→ TASK DETAILS:
Lines to restate from the data below: from the one containing "Cigarette icon on" to the one containing "Panasonic HC-VX981K 4K", both included. Give them again exactly, and only them.

━━━━━ MATERIAL FOR THIS TASK

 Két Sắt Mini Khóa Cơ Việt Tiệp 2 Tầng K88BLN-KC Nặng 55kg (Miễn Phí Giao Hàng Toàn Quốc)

━━━━━━━━━━
━━━━━ MATERIAL FOR THIS TASK

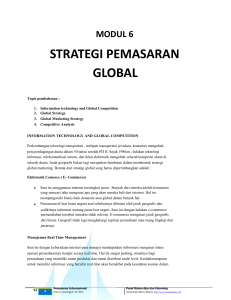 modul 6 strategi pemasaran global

━━━━━━━━━━
━━━━━ MATERIAL FOR THIS TASK

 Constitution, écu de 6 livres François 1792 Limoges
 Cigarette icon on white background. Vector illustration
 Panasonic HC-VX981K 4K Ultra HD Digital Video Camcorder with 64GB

━━━━━━━━━━

→ EXERCISE SOLUTION:
 Cigarette icon on white background. Vector illustration
 Panasonic HC-VX981K 4K Ultra HD Digital Video Camcorder with 64GB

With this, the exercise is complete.